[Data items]
↓↓↓

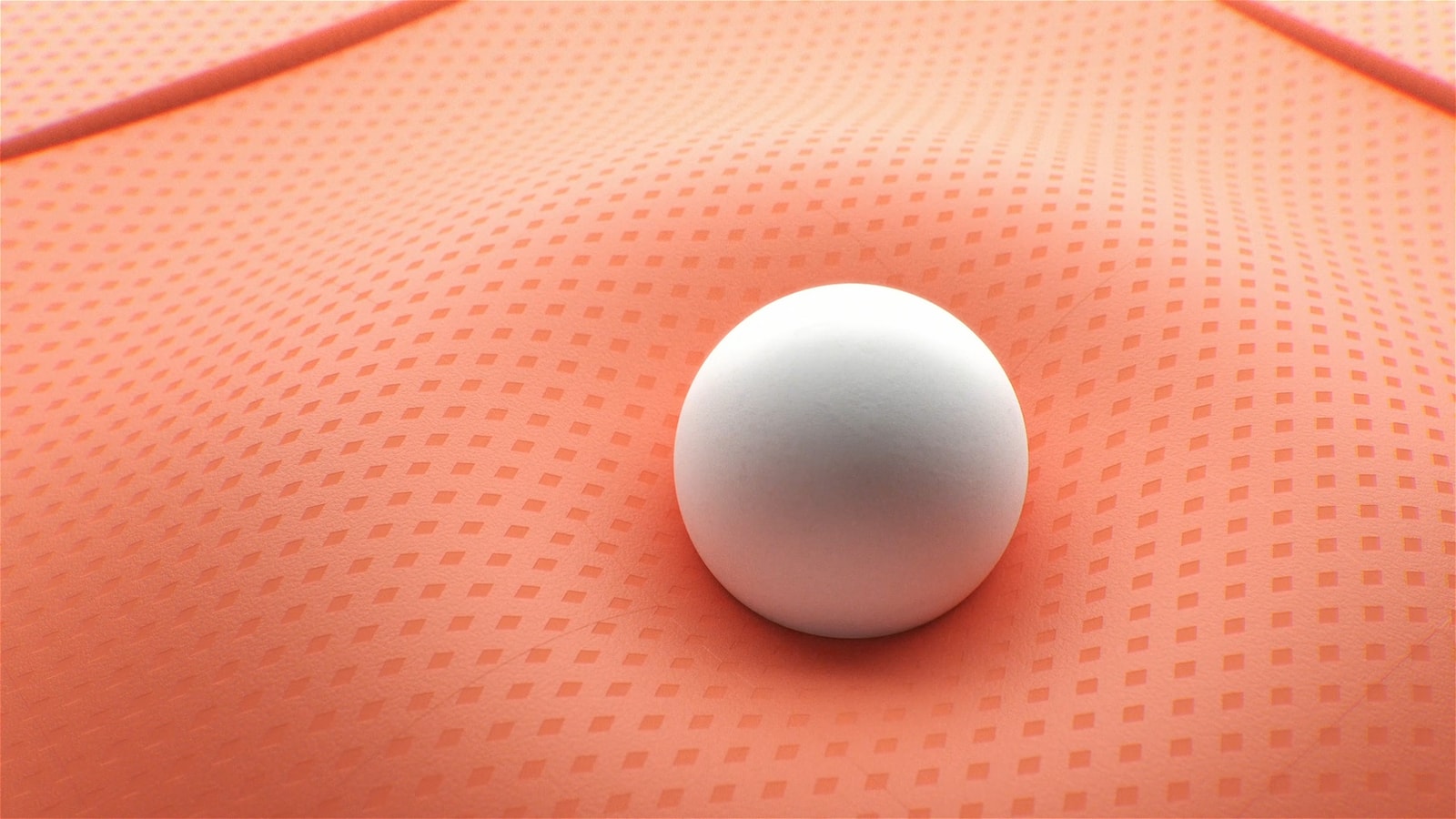 A white sphere presses into a textured coral surface.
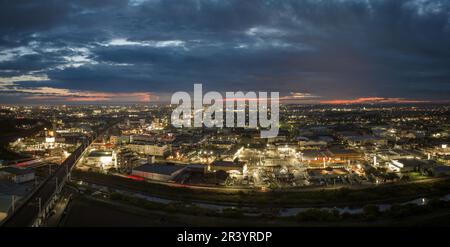 Panoramablick aus der Vogelperspektive auf die erhöhten Bahngleise und die Lichter der Stadt nach Sonnenuntergang Stockfoto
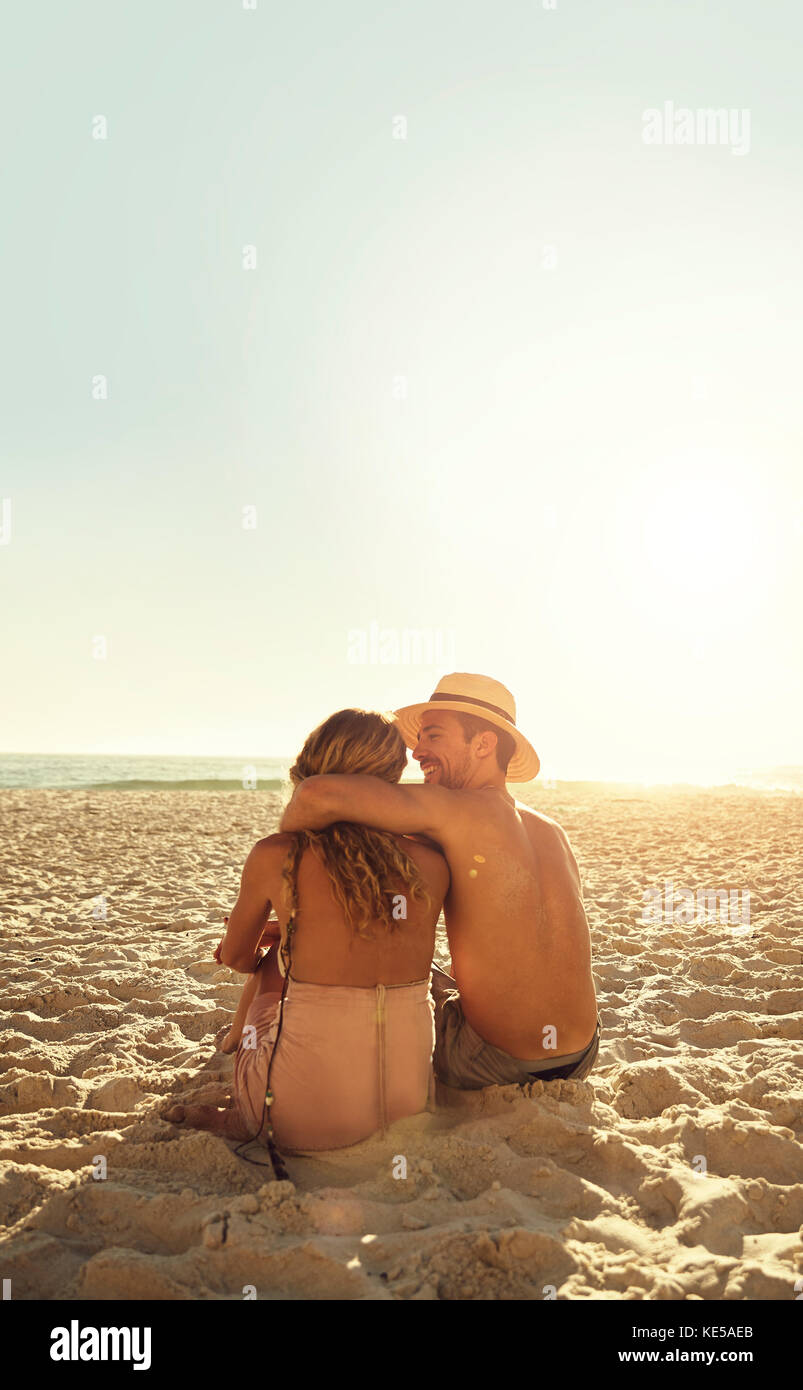 Un jeune couple affectueux qui s'enserre sur une plage ensoleillée d'été Banque D'Images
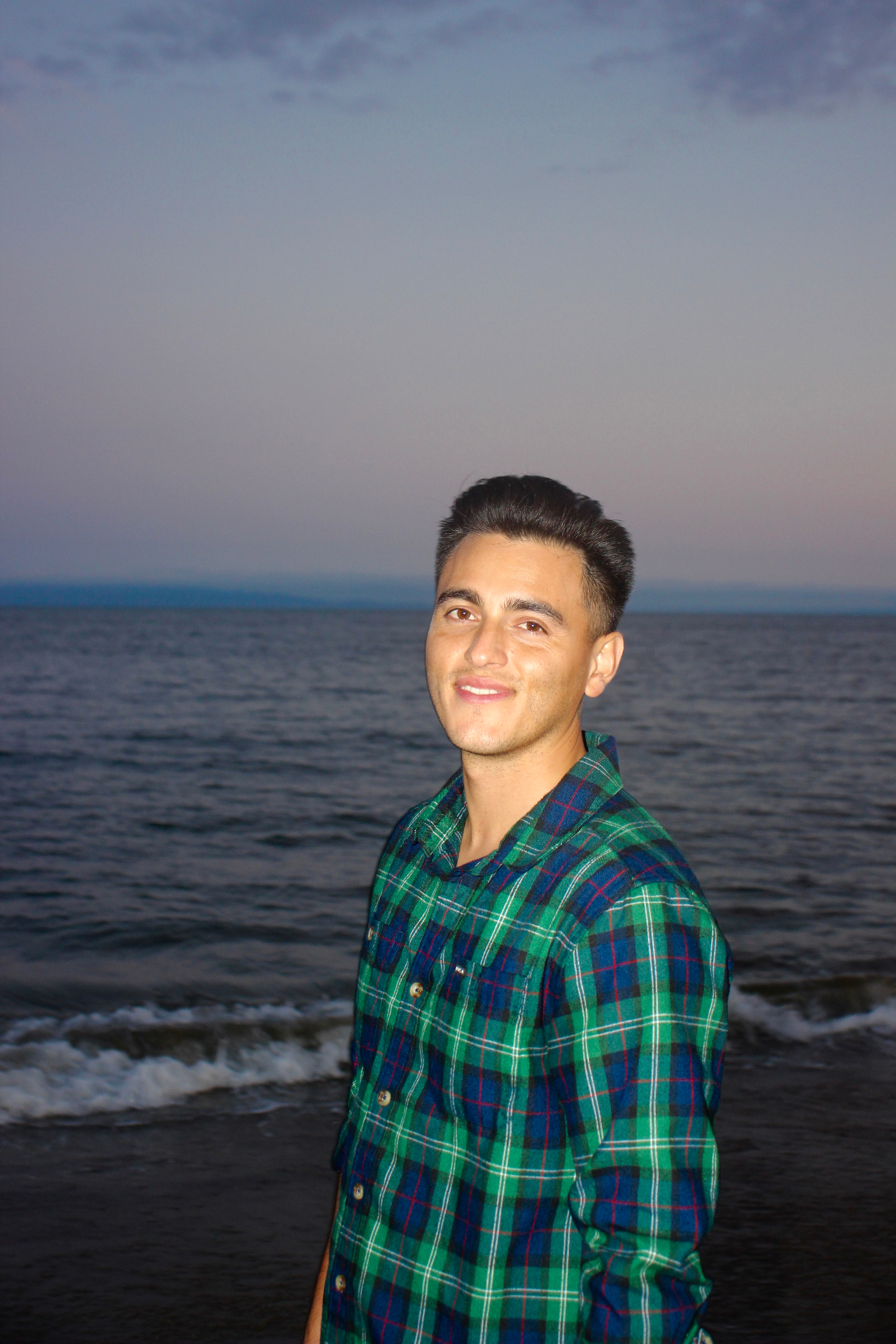 Founder of Breakwater Digital standing by the water at dusk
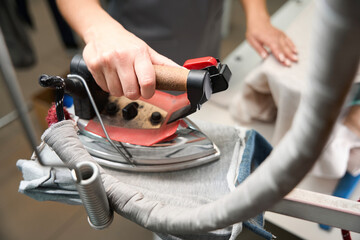 Woman laundry office operator taking hot iron with steam to remove wrinkles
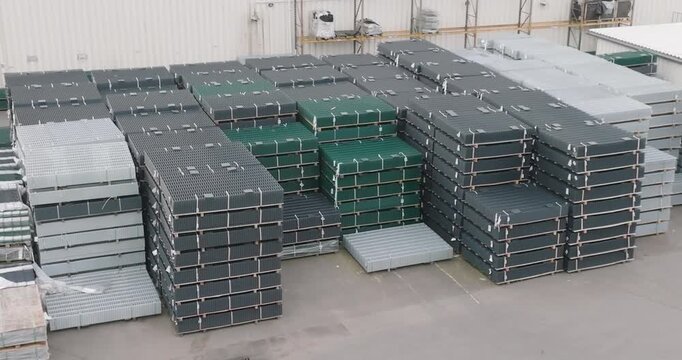 Stacked metal fence panels at an outdoor industrial storage yard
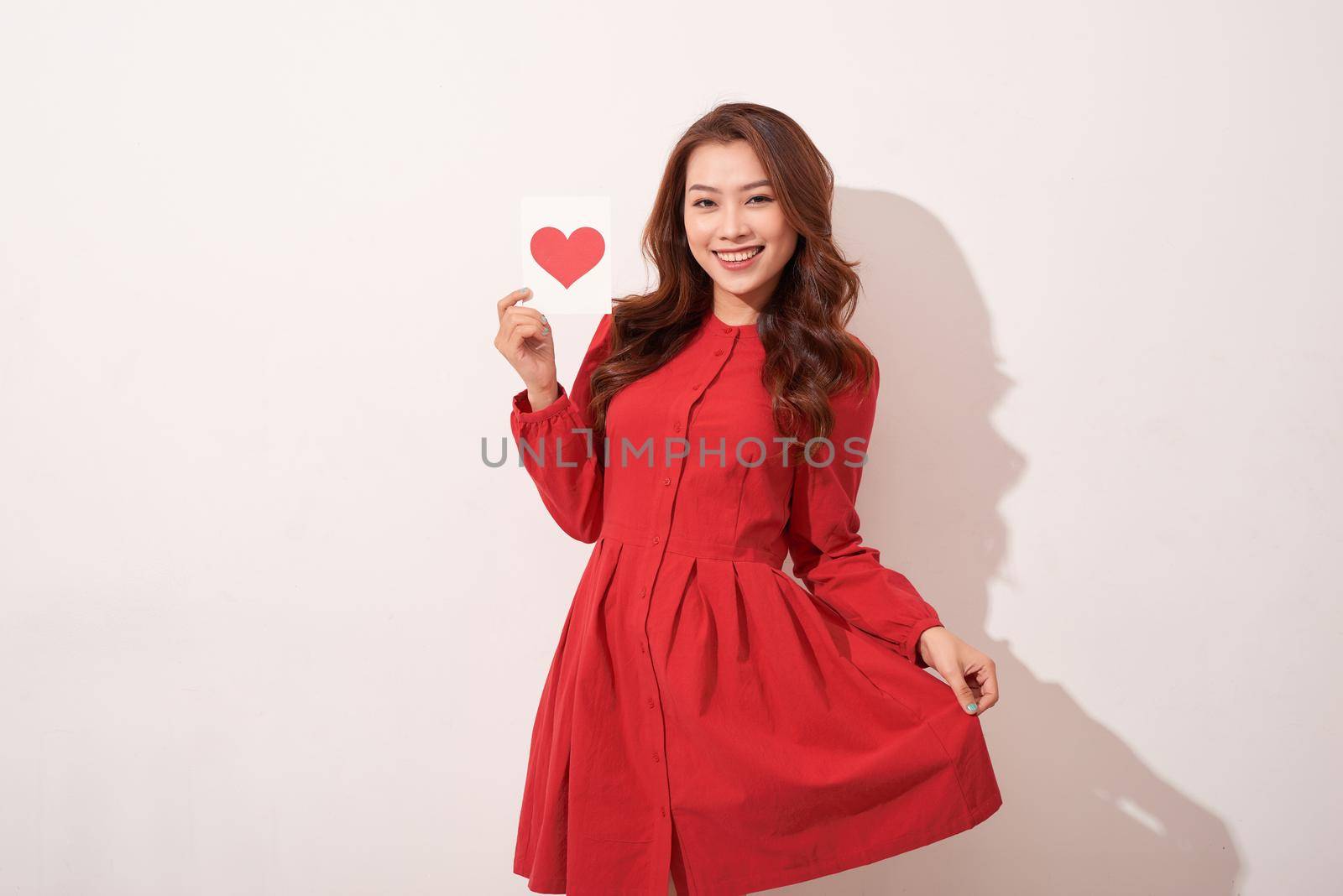 Lovely female with red heart isolated on gray background, celebration of Valentine day, romantic feelings, harmony and love concept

↑↑↑

Exactly as they appear, please return only the lines from the first line of the records through the line containing "Stacked metal fence", both included, leaving out all pictures.

 A white sphere presses into a textured coral surface.
 Panoramablick aus der Vogelperspektive auf die erhöhten Bahngleise und die Lichter der Stadt nach Sonnenuntergang Stockfoto
 Un jeune couple affectueux qui s'enserre sur une plage ensoleillée d'été Banque D'Images
 Founder of Breakwater Digital standing by the water at dusk
 Woman laundry office operator taking hot iron with steam to remove wrinkles
 Stacked metal fence panels at an outdoor industrial storage yard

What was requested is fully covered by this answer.